Singularity
Gamefacts: Allgemeine Infos zu Singularity
Review: Der Testbericht zu Singularity
14. Juli 2010 - 13:49 - XBU Dirty
Shooter waren gestern, sind heute und werden auch sicher zukünftig ein kräftiges Zugpferd auf der Xbox 360 sein. Activision schickt mit Singularity einen weiteren Titel ins Rennen und wir haben uns für euch ins zeitmanipulierte Abenteuer gestürzt. Ob die schussgewaltige Zeitreise gefallen kann, zeigt euch unser Review.
Ich würde wieder alles genauso machen
Diesen Satz hört man oft von Prominenten, wenn sie gefragt werden, ob sie irgendetwas anders machen würden, ständen sie noch mal am Beginn ihrer Karriere. Aber nicht immer ist die Vergangenheit durchweg rosig und so würde Mancher sicher gern die einen oder anderen vergangenen Geschehnisse manipulieren, um sich in der Gegenwart einen Vorteil zu verschaffen. Dass eine Veränderung in der Vergangenheit, die Gegenwart ungeahnt schrecklich verändern kann, hat uns Hollywood schon des Öfteren effektvoll präsentiert.

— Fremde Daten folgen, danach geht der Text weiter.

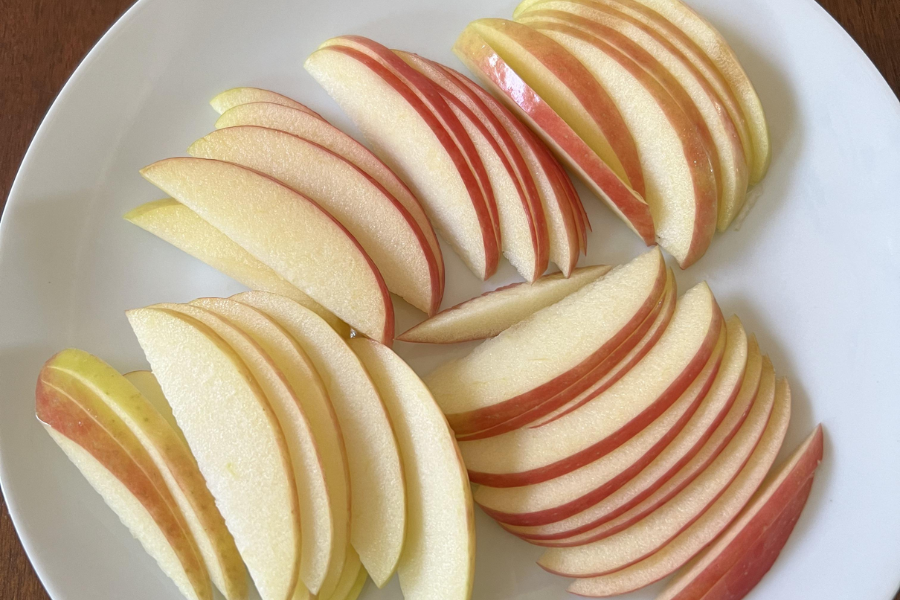 A white plate neatly arranged with thinly sliced red apples, fanned out in small overlapping sections. The apple slices have a crisp texture and glossy skin, with the white flesh contrasting the red edges.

Eher unfreiwillig gerät Captain Renko in eine ähnliche Situation, denn als Mitglied einer Eliteeinheit wird er auf die russische Forschungsinsel Katorga 12 geschickt, die aufgrund von hohen Strahlungen durch einen amerikanischen Aufklärungs-Satelliten erst im Jahr 2010 entdeckt wurde. Im Auftrag der sowjetischen Regierung aus den 1950er Jahren, wurden auf Katorga 12 geheime Experimente mit dem dort entdeckten Element 99 durchgeführt. Nach einem außerplanmäßigen Vorfall wurde die Insel evakuiert und von allen Landkarten entfernt. Fast 60 Jahre lang konnte Moskau alles vertuschen, bis sich die Eliteeinheit um Captain Renko auf den Weg zur Insel macht.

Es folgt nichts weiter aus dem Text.